Source: flickr.com via Dan on Pinterest

[/IMG]


----------



## drofluf (Dec 12, 2010)

What disc brakes do you have?

Hard to tell from that picture but it looks like a road style brake lever?

If it is then you'll need a road style disc calliper such as the BB7.


----------



## danraley41 (Oct 12, 2011)

I just have Tektro Mechanical Discs Brakes, nothing fancy. I'm fine keeping my brake levers mtb style if I can find a bar they'll clamp to I like. I just saw some different Nitto bars and Soma bars but not sure if they are exactly what I want, or wide enough I have my current flat bar cut down to about 24 inches, or 609.6 millimeters roughly end to end. I also don't mind modifying a bar if needed, I'm pretty handy so that would not be a problem if anyone has any ideas on that too. What I really want is something without a lot of drop and with the ends swept back straight. I'll be wrapping them with grip tape and I'd like to just mount my current levers on the flats if possible like they are now.

If I have to change my stem any ideas on some inexpensive ones to look at? Looks like most of the bars I see out there this style are 25.4mm clamp size, which I don't mind, the 31.8's are really kinda fat and ugly looking IMO.


----------



## Moozh (Jan 20, 2010)

Those bars look sort of like time-trial or bullhornbars only turned toward you. Should be able to find a set in eithere 25.4 or 31.8 or whatever mtb stem you have. Hope you dont have a stubby stem..

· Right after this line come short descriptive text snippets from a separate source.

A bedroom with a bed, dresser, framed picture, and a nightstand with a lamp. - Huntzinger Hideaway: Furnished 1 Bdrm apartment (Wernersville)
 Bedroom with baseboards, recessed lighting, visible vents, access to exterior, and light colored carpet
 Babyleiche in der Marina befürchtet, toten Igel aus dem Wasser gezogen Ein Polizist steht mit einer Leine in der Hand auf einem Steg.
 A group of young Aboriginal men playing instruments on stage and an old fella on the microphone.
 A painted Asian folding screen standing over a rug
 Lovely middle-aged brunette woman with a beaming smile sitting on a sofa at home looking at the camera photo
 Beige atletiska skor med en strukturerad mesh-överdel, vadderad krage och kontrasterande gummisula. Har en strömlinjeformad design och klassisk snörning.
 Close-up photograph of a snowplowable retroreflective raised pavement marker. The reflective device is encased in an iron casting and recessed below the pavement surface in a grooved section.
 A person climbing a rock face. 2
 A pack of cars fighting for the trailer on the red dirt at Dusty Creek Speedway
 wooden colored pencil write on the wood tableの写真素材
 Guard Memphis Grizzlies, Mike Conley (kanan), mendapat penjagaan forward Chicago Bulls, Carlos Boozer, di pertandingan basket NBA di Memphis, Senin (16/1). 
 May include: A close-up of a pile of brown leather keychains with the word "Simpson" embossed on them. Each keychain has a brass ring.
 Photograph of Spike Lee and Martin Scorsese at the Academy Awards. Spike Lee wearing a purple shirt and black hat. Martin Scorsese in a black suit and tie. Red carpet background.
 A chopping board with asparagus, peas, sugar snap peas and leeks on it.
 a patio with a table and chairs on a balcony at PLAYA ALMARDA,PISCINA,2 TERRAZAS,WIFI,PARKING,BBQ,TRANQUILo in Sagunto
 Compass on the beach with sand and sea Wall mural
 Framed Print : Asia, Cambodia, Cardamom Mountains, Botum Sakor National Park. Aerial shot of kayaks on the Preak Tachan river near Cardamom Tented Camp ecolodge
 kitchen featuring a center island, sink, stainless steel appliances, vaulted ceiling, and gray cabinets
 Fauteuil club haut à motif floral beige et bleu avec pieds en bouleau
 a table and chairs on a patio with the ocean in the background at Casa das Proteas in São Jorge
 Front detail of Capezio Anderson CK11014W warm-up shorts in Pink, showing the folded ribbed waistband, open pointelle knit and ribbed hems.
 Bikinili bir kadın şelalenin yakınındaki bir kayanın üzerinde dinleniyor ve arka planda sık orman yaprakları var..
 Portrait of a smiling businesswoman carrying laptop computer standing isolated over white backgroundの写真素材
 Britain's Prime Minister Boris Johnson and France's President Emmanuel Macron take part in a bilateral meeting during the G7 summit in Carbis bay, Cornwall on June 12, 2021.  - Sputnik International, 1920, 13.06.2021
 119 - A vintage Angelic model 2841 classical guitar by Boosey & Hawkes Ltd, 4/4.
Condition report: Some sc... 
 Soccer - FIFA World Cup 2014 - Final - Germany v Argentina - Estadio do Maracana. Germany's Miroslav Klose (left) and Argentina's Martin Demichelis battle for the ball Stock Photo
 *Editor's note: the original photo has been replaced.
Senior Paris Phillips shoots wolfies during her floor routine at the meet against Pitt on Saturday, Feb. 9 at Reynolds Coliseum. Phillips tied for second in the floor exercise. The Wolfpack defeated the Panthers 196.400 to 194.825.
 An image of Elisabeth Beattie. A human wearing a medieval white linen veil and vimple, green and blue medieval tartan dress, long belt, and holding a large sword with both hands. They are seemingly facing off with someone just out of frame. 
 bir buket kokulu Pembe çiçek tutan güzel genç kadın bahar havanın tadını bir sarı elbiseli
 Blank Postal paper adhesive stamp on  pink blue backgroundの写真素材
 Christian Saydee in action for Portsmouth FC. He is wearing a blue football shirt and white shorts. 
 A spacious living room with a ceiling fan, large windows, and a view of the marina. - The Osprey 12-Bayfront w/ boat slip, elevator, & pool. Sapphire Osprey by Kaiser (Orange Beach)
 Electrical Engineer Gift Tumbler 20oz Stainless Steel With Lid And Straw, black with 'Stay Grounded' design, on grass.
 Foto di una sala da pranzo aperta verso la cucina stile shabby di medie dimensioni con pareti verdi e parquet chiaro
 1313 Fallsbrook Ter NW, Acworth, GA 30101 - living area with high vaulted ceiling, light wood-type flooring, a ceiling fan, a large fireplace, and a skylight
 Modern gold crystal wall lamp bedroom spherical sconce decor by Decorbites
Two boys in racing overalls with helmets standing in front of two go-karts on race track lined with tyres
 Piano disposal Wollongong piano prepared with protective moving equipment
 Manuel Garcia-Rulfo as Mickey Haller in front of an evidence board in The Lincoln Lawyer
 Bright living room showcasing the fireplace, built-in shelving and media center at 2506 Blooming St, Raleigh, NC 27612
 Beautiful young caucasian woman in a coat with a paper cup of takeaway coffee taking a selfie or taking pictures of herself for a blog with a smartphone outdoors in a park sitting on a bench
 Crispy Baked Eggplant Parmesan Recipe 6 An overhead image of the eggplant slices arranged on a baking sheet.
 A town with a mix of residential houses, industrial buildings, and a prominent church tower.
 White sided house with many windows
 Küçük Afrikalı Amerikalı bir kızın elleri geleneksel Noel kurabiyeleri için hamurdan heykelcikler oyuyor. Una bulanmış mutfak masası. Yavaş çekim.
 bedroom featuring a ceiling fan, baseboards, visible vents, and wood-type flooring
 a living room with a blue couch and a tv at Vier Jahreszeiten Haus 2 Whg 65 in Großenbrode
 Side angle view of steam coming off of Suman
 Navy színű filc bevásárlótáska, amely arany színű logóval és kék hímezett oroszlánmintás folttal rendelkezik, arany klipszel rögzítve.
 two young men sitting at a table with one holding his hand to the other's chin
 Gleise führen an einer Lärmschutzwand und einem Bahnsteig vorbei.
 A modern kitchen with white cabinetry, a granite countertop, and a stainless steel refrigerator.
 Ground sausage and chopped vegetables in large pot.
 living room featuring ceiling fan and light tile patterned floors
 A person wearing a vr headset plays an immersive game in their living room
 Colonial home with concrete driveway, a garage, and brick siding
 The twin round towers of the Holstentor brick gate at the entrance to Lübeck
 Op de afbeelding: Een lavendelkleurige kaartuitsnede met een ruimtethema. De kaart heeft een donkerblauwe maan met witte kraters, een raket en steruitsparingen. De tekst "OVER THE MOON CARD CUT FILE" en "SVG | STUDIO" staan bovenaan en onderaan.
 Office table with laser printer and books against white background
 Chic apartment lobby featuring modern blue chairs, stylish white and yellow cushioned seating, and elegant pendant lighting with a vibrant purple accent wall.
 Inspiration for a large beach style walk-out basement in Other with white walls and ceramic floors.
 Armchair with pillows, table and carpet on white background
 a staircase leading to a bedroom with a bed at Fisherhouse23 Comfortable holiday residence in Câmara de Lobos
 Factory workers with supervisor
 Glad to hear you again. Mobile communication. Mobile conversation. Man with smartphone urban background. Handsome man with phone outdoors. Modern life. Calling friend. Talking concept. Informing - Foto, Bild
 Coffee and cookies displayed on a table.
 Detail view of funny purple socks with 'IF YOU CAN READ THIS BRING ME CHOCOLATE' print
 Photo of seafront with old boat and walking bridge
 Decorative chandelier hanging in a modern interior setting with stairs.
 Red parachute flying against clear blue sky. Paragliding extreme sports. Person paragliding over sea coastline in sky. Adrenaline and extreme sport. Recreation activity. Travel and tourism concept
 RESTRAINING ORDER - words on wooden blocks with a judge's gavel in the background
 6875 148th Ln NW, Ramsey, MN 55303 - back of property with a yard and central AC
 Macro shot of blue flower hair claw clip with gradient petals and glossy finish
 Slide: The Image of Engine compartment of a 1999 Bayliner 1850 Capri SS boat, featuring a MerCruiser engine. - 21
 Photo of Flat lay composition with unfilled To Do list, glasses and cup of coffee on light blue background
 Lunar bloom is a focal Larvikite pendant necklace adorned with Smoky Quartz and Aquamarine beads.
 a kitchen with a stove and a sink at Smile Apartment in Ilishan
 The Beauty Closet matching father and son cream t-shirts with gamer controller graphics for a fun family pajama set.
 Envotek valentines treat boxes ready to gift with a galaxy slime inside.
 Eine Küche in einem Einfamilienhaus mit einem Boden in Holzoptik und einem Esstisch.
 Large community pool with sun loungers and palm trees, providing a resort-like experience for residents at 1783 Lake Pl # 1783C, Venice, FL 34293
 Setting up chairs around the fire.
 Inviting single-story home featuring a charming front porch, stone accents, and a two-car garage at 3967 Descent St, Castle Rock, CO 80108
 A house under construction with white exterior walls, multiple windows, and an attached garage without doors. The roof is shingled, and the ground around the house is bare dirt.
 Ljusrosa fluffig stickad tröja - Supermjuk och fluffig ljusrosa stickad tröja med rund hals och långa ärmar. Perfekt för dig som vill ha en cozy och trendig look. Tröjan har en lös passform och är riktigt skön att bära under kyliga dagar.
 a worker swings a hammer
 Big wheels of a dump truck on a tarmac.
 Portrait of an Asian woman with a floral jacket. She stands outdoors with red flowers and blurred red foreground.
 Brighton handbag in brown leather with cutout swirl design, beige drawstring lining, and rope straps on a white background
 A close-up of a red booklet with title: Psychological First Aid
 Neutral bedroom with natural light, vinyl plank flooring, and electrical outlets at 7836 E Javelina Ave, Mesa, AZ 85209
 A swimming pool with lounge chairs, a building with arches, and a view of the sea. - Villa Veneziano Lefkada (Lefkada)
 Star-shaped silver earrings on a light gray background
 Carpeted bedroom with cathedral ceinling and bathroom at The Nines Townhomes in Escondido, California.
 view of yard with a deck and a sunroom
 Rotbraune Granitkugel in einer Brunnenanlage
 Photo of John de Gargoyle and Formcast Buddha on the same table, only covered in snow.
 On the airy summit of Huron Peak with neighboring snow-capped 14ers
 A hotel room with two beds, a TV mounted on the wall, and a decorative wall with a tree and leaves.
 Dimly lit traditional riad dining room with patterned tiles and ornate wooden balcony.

as an alternative some cool moustache style bars are 31.8mm FSA Metropolis bars..I have a set and really like them on my urban SS...I have a set of hinged clamp bmx brake levers (Tektro XL751's) pulling caliper road brakes so I dont know if they are suitable for mech disks..but they do mean you do have an easy way to attach and fasten the brake levers no matter how swoopy the bars you choose are.


----------



## stubecontinued (Mar 14, 2007)

I'm pretty sure those are just NITTO mustache bars. Check out velo-orange and SOMA for tons of bar/stem options, they'll also indicate whether you need road levers, like the picture; or you can use mountain levers. The clamp diameter is different for both. I think getting townie bars for MTB levers and flipping them might work for you..


----------



## danraley41 (Oct 12, 2011)

@Moozh Yeh I kind of thought that too then I found another pic and they are moustache bars, but I like and had already thought of the idea of flpping some TT or bulhorns and cutting them off if they stick back at me to long to where I'd basically just have enough room for my hands on them and then mounting my levers on the flats. I def don't like my bars I have now especially for urban riding, pretty uncomfortable and I really don't like the 31.8's to fat. So if I can find an inexpensive stem and some bars I like in 25.4 that will work with my levers then I might just go that route, I'm just trying to keep this inexpensive and as simple and un-flashy as possible.


----------



## FKMTB07 (Mar 29, 2007)

In the pick are Nitto Mustache bars (that little red stripe near the stem clamp area indicates they are the heat-treated version), Paul brakes (Neo Retro up front, Touring out back), White Industries cranks, and Schwalbe Big Apples. The frame looks to be custom or heavily modified. 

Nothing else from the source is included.